The Brahmins were the most considerable of all these pacific nations; their caste, which is so ancient, which is still existing, and compared with which all other institutions are quite recent, is a prodigy which cannot be sufficiently admired. Their religion and their policy always concurred in abstaining from the shedding of blood, even of that of the meanest animal. Where such is the regime, subjugation is easy; they have been subjugated, but have not changed.

The Pennsylvanians never had an army; they always held war in abhorrence.

Several of the American tribes did not know what an army was until the Spaniards came to exterminate them all. The people on the borders of the Icy Sea are ignorant alike of armies, of the god of armies, of battalions, and of squadrons.

Besides these populations, the priests and monks do not bear arms in any country – at least when they observe the laws of their institution.

It is only among Christians that there have been religious societies established for the purpose of fighting – as the Knights Templars, the Knights of St. John, the Knights of the Teutonic Order, the Knights Swordbearers. These religious orders were instituted in imitation of the Levites, who fought like the rest of the Jewish tribes.

Neither armies nor arms were the same in antiquity as at present. The Egyptians hardly ever had cavalry. It would have been of little use in a country intersected by canals, inundated during five months of the year, and miry during five more. The inhabitants of a great part of Asia used chariots of war.

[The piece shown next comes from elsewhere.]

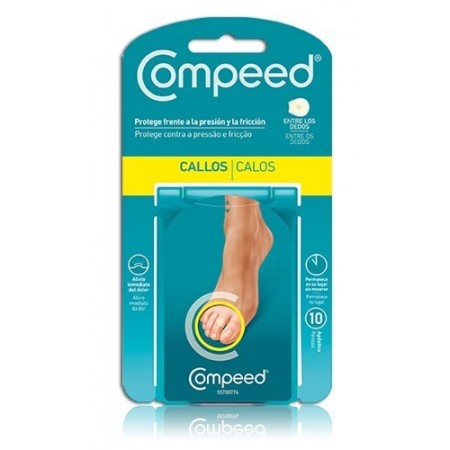 COMPEED CALLOS HIDROCOLOIDE ENTRE DEDOS 10 U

They are mentioned in the annals of China. Confucius says that in his time each governor of a province furnished to the emperor a thousand war chariots, each drawn by four horses. The Greeks and Trojans fought in chariots drawn by two horses.

Cavalry and chariots were unknown to the Jews in a mountainous tract, where their first king, when he was elected, had nothing but she-asses. Thirty sons of Jair, princes of thirty cities, according to the text (Judges, x, 4), rode each upon an ass. Saul, afterwards king of Judah, had only she-asses; and the sons of David all fled upon mules when Absalom had slain his brother Amnon. Absalom was mounted on a mule in the battle which he fought against his father's troops; which proves, according to the Jewish historians, either that mares were beginning to be used in Palestine, or that they were already rich enough there to buy mules from the neighboring country.

The Greeks made but little use of cavalry. It was chiefly with the Macedonian phalanx that Alexander gained the battles which laid Persia at his feet. It was the Roman infantry that subjugated the greater part of the world. At the battle of Pharsalia, Cæsar had but one thousand horsemen.

It is not known at what time the Indians and the Africans first began to march elephants at the head of their armies. We cannot read without surprise of Hannibal's elephants crossing the Alps, which were much harder to pass then than they are now.

There have long been disputes about the disposition of the Greek and Roman armies, their arms, and their evolutions. Each one has given his plan of the battles of Zama and Pharsalia.

The commentator Calmet, a Benedictine, has printed three great volumes of his "Dictionary of the Bible," in which, the better to explain God's commandments, are inserted a hundred engravings, where you see plans of battles and sieges in copper-plate. The God of the Jews was the God of armies, but Calmet was not His secretary; he cannot have known, but by revelation, how the armies of the Amalekites, the Moabites, the Syrians, and the Philistines were arranged on the days of general murder. These plates of carnage, designed at a venture, made his hook five or six louis dearer, but made it no better.

It is a great question whether the Franks, whom the Jesuit Daniel calls French by anticipation, used bows and arrows in their armies, and whether they had helmets and cuirasses.

Supposing that they went to combat almost naked, and armed, as they are said to have been, with only a small carpenter's ax, a sword, and a knife, we must infer that the Romans, masters of Gaul, so easily conquered by Clovis, had lost all their ancient valor, and that the Gauls were as willing to be subject to a small number of Franks as to a small number of Romans. Warlike accoutrements have since changed, as everything else changes.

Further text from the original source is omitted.